• **Prompt**
Drop every picture. Then return, exactly, the lines from the beginning of the listing below through the one containing "Then what you".

• **Data segment**
□ □ □ □
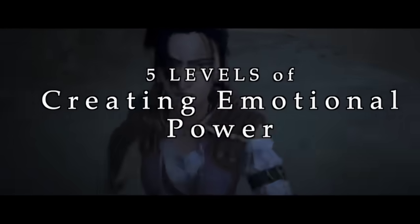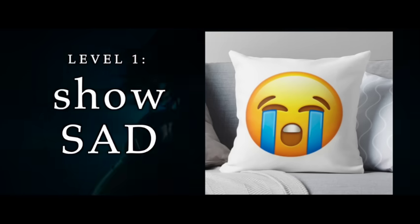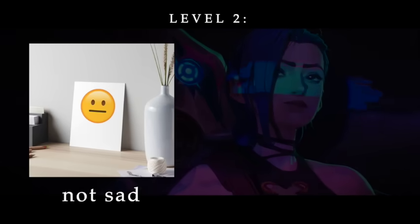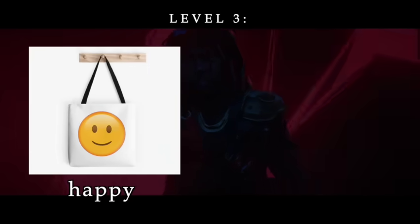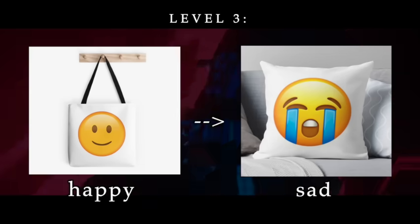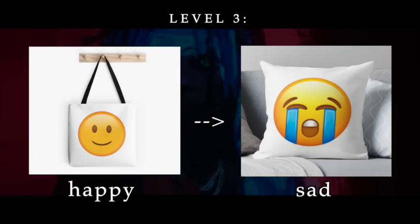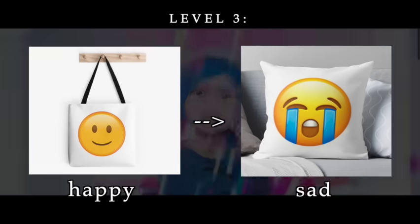Let's talk about five levels of creating emotional power. For example, if I want to make my audience sad: level one — show character being sad, character cries, audience experiences the emotion vicariously through the character, and we're done. Level two — character starts out not sad, then character becomes sad; that's going to be felt a bit more strongly. Level three — character starts out happy, then character becomes sad.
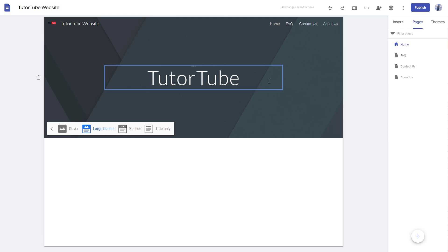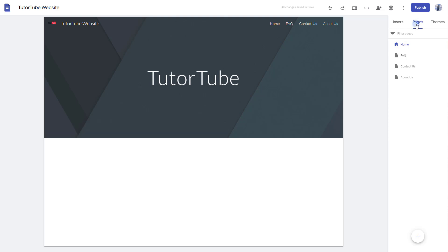Then what you want to do is go to the pages section and on the home click on the three dot icon on the right hand side. Once you're here, you can see duplicate page is an option.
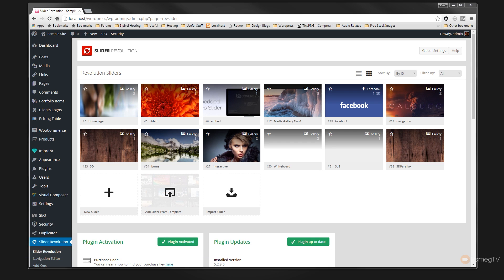Now one of the key benefits of being able to import and export your sliders is the fact that you can take these between different websites. You may well find that you create a slider that is quite a complicated layout and you want to duplicate that into a different site and just make some small tweaks. Well this is a great method for doing just that.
□ □ □ □
• **Result of this task**
Let's talk about five levels of creating emotional power. For example, if I want to make my audience sad: level one — show character being sad, character cries, audience experiences the emotion vicariously through the character, and we're done. Level two — character starts out not sad, then character becomes sad; that's going to be felt a bit more strongly. Level three — character starts out happy, then character becomes sad.
Then what you want to do is go to the pages section and on the home click on the three dot icon on the right hand side. Once you're here, you can see duplicate page is an option.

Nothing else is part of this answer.